***** DATA TO PROCESS *****
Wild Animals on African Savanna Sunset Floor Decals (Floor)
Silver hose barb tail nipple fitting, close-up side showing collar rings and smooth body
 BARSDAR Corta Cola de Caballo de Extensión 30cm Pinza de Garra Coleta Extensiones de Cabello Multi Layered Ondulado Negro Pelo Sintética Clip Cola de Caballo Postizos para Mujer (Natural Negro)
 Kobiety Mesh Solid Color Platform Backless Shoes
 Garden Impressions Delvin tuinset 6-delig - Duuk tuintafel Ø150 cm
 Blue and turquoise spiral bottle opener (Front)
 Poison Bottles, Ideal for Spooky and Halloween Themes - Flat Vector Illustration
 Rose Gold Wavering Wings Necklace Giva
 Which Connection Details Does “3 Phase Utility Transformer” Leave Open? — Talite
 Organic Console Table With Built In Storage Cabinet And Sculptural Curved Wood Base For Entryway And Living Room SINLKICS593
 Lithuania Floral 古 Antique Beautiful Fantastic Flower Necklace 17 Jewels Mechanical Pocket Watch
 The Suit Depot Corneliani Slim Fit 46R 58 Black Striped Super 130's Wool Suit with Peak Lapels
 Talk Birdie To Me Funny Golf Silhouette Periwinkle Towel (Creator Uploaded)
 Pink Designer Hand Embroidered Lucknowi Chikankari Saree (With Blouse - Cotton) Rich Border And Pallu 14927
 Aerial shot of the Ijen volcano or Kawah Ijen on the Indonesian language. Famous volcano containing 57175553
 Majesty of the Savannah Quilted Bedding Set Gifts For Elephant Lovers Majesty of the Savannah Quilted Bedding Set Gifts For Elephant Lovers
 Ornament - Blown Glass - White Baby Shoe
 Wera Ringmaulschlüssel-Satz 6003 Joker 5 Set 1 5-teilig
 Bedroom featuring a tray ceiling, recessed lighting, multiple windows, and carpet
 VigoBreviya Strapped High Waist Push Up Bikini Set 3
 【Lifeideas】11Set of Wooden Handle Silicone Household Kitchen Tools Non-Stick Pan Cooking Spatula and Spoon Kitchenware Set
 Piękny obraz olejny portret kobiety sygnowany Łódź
*****
**AIM OF THE EXERCISE:** In the records above, how many lines contain the string "Necklace"? Only that number should be written.

**RESPONSE AREA:** 2